■ Prompt
After removing every image, reproduce the data exactly as it appears.

■ Information provided
▼

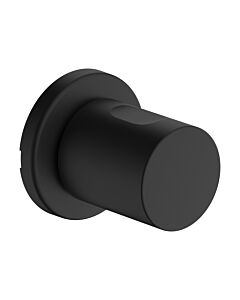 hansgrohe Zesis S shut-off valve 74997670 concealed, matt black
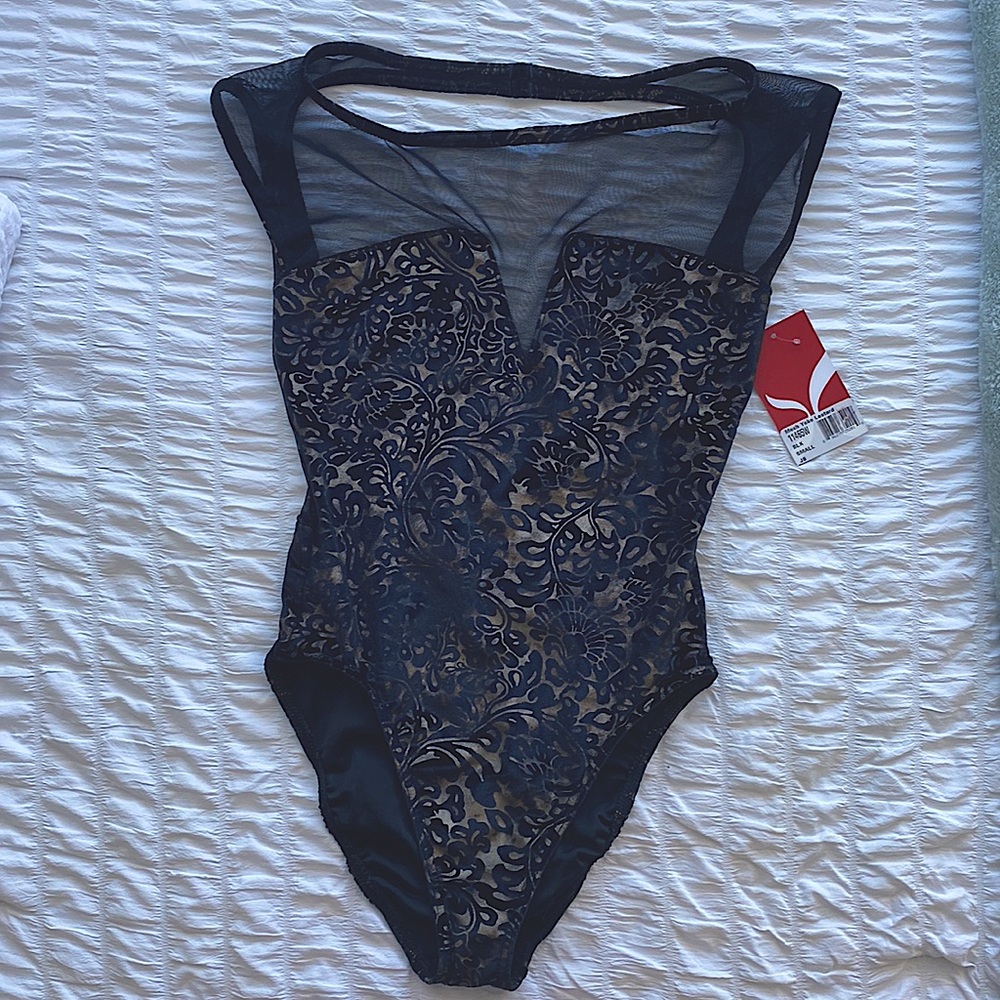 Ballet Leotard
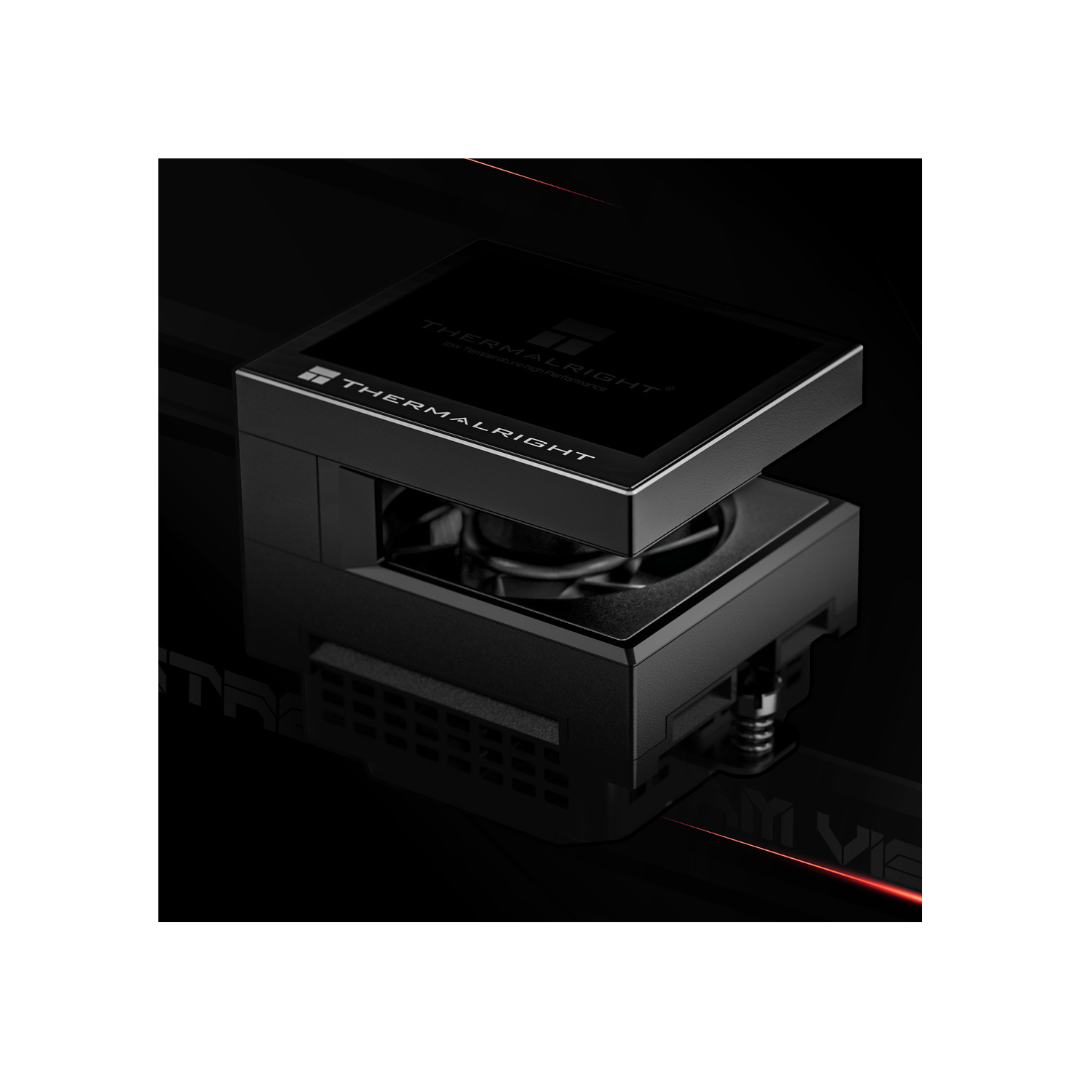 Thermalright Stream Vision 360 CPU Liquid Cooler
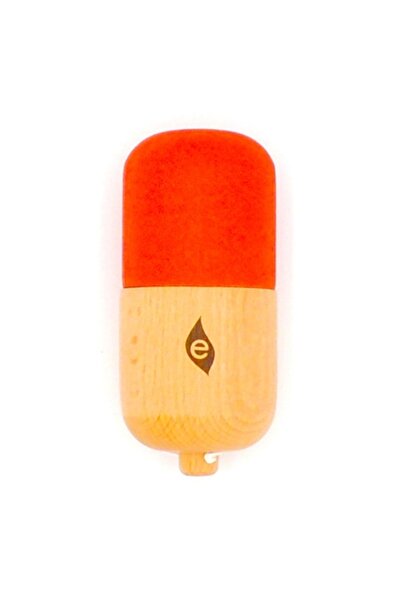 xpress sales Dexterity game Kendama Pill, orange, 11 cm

▲

■ Final answer
 hansgrohe Zesis S shut-off valve 74997670 concealed, matt black
 Ballet Leotard
 Thermalright Stream Vision 360 CPU Liquid Cooler
 xpress sales Dexterity game Kendama Pill, orange, 11 cm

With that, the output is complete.